Believing that you are nothing is incredibly damaging to your heart and faith. More on that in a coming series.
Jesus didn’t die because we are terrible and unworthy and unholy. He died for love. He died because even while we were ‘sinners ‘(Romans 5:8) – while we didn't know a thing about the Divine – he had settled his affection and attention on us. You, my friend, are not nothing. And those around you who do not “know” the Divine are not nothing, either.
We start with love. We start with goodness. We start with the fact that we are loved, and we do belong. If we don’t start there, we’ll build a life chasing something that we already have; we’ll try and extract from others what they were never created to give us: self-worth.

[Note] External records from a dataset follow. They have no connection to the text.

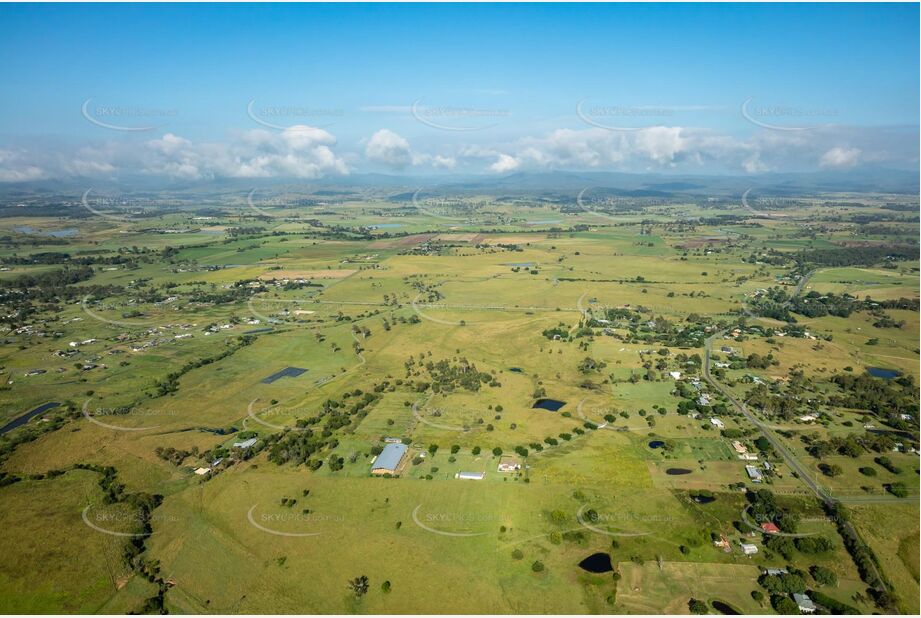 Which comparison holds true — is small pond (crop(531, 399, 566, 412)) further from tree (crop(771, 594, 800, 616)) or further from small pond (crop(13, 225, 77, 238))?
small pond (crop(13, 225, 77, 238))

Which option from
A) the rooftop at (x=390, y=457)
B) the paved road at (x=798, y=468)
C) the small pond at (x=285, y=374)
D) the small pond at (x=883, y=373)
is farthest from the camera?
the small pond at (x=285, y=374)

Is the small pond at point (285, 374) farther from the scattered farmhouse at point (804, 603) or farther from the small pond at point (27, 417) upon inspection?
the scattered farmhouse at point (804, 603)

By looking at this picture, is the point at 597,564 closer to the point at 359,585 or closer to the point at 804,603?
the point at 804,603

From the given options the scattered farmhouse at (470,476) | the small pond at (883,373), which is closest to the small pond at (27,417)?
the scattered farmhouse at (470,476)

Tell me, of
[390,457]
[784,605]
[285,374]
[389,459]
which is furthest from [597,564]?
[285,374]

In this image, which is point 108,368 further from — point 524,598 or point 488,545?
point 524,598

“Love the Lord your God with every passion of your heart, with all the energy of your being, and with every thought that is within you.’ This is the great and supreme commandment. And the second is like it in importance: ‘You must love your friend in the same way you love yourself.’ Contained within these commandments to love you will find all the meaning of the Law and the Prophets.” (Matt 22:37-40 TPT.)
All the meaning and knowledge and fulfillment you will ever be able to find in this life is contained within the trinity of love: God, others, self. And self-love isn’t a “second best, get to it if you can, if you have any leftover” kind of love. It shares the same level of importance as the others.
Because when it comes to love, you can’t separate it. It is of one piece. There’s not love for God, then love for your neighbor, then love for yourself. There is just the flow of love in your life. That’s why you can’t really love others well until you learn how to love yourself well.
As we learn to love ourselves, it empowers us to love others, too. When we fall in love with our own lives, we are really falling in love with life itself, in all its complicated, beautiful, divine, glory.